New models for Apple’s products will continue to drive growth, and the Greater China region still represents a lucrative and burgeoning opportunity that is still very much in its early days.


Microsoft sees device growth re-emerge


A leading catalyst for Microsoft (MSFT) stock across the last year has been its cloud segment, however, that was arguably outgunned this most-recent quarter as another big trend took hold. Device sales were key to the company exceeding analysts estimates on the top and bottom lines, as well as forward guidance for revenue.


With annualised revenue growth of 19% across the business, Microsoft recorded its biggest quarterly growth since 2018. PC sales were the key lynchpin as a shortage in supply late last year was addressed in the early parts of 2021.


Nonetheless, even looking to the Azure segment, with growth of 50% consistent with the same growth in the preceding quarter, Microsoft bucked the trend of recent times, which has seen growth ease as Azure becomes a bigger part of the business.

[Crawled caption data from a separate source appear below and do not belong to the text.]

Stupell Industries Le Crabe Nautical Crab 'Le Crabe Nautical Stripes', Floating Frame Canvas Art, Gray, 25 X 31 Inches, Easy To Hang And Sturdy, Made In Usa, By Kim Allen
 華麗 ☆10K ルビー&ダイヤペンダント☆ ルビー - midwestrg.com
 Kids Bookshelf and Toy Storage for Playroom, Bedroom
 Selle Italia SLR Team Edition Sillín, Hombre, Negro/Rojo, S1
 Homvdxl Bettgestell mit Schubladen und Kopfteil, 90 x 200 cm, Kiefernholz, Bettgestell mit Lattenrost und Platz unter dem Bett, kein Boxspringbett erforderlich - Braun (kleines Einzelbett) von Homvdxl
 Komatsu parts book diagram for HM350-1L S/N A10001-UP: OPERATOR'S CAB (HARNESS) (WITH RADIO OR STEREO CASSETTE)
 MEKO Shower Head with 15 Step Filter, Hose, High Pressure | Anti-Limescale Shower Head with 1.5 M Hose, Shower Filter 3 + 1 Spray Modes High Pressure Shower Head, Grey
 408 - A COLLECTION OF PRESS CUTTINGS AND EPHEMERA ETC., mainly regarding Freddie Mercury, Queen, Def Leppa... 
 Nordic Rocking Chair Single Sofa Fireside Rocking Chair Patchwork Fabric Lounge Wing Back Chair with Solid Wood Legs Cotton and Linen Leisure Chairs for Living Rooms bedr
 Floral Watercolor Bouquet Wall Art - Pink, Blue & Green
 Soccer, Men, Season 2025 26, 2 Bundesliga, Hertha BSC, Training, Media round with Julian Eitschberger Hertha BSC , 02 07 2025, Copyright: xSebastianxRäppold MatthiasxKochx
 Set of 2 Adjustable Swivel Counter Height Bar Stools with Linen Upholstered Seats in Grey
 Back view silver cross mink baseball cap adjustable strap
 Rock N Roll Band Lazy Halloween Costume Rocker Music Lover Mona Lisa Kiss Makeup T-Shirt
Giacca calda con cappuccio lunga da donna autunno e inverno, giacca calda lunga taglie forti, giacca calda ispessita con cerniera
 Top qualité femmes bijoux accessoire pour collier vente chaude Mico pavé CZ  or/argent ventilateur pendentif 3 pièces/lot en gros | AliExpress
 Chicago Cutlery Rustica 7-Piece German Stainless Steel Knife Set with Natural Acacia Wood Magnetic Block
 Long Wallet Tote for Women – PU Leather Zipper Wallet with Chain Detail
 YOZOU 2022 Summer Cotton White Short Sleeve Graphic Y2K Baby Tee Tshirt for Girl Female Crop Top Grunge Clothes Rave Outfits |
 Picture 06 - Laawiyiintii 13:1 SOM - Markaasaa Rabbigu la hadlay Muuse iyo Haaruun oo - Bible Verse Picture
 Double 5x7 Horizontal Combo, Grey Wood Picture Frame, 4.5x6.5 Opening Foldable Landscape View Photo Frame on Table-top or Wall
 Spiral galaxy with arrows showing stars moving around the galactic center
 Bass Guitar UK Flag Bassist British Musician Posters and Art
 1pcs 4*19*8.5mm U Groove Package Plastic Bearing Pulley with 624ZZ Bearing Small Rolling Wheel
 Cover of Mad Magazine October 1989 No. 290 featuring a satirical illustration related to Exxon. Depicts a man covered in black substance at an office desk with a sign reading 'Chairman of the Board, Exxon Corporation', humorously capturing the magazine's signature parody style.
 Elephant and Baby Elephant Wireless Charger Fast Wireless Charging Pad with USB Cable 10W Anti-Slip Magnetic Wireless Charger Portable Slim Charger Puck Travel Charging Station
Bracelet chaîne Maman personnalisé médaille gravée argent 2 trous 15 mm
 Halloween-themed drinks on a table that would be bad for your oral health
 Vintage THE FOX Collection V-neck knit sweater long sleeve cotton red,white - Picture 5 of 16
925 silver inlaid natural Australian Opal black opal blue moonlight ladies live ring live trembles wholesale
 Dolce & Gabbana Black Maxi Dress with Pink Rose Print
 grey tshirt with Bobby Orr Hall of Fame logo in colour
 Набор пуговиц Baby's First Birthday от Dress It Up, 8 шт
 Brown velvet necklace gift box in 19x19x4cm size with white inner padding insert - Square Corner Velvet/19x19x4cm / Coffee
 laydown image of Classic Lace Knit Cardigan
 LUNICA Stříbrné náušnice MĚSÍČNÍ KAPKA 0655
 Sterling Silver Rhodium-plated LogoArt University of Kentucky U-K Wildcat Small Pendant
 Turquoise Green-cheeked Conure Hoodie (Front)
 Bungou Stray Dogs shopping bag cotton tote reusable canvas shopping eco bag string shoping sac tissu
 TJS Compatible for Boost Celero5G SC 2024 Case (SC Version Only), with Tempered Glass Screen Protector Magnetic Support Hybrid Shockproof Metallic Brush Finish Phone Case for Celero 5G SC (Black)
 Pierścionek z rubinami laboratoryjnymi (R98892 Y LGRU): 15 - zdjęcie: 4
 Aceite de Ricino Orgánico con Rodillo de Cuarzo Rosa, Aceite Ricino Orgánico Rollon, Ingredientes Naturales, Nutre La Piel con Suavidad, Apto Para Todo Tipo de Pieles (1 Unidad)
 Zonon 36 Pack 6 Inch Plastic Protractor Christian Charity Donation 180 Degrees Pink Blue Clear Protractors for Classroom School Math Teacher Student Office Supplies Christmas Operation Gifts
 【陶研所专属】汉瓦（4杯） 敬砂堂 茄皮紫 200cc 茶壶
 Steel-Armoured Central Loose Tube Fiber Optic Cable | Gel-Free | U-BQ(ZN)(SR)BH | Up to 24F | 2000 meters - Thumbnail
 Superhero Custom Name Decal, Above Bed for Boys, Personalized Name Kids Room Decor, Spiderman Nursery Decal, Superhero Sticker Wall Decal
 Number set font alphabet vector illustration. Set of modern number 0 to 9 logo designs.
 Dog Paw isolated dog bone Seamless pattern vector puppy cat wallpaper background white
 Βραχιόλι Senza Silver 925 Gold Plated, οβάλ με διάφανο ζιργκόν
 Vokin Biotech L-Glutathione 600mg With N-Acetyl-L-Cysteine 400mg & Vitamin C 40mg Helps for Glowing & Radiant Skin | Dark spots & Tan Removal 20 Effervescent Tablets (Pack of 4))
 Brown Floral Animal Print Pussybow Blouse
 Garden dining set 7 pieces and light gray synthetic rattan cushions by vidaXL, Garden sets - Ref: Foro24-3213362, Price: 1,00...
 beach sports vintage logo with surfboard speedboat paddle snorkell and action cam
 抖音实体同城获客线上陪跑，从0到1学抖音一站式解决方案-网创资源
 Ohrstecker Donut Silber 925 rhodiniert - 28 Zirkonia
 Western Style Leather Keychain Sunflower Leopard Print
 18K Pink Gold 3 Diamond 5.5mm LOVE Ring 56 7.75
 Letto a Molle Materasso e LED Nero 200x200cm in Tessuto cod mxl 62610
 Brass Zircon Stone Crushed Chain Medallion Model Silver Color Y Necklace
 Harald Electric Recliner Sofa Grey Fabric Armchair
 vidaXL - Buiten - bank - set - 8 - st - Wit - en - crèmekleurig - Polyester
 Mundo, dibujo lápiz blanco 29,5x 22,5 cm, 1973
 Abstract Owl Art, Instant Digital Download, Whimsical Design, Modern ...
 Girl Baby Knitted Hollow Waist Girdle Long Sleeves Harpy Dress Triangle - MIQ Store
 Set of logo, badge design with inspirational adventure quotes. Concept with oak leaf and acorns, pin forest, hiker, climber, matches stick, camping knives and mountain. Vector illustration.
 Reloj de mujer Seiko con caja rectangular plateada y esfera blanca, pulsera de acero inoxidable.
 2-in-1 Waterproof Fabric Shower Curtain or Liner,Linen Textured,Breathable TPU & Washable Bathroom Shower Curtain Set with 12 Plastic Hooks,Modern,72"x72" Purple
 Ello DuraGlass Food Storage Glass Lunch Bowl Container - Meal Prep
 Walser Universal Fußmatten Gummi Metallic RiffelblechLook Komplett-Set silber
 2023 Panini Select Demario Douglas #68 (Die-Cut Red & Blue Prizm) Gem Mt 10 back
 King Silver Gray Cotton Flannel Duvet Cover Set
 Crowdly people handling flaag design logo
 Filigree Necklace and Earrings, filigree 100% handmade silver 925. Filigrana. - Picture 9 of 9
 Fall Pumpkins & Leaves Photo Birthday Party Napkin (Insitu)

Growth across every product line was encouraging, with only one category, office consumer products and cloud services, recording single-digit sales growth.


When we consider the sheer strength across Microsoft’s More Personal Computing segment, which includes devices, gaming and Windows, there will be significant cross-selling opportunities moving forward, and in light of supply constraints that hampered results, there is scope for this to improve even further.


Alphabet reaches greater audiences


Making it five from five, Alphabet delivered blowout results, smashing earnings and revenue forecasts for the first quarter of the calendar year.


Given its ownership of YouTube, Alphabet has been leveraged to one of the most prolific trends playing out, which has been the consumption of digital media amid lockdowns and stay-at-home restrictions.


In turn, ad revenue growth in this segment skyrocketed 50%. The segment pulled in US$6.01 billion in sales, contributing to a 34% rise in revenue across the broader business to US$44.68 billion.


What’s more, this level of growth represents the fastest annualised growth for the business in four years, proving that the pandemic has accelerated the transition in this space. That follows an immediate dip in advertising at the onset of the pandemic, as seen by Facebook.

With its broader social media and cloud divisions also firing, alongside a number of other ‘bets’ that offer long-term upside, there are good prospects backing Alphabet’s strong growth outlook.


It really has been an earnings season to remember. What’s more, the next one looks just as promising.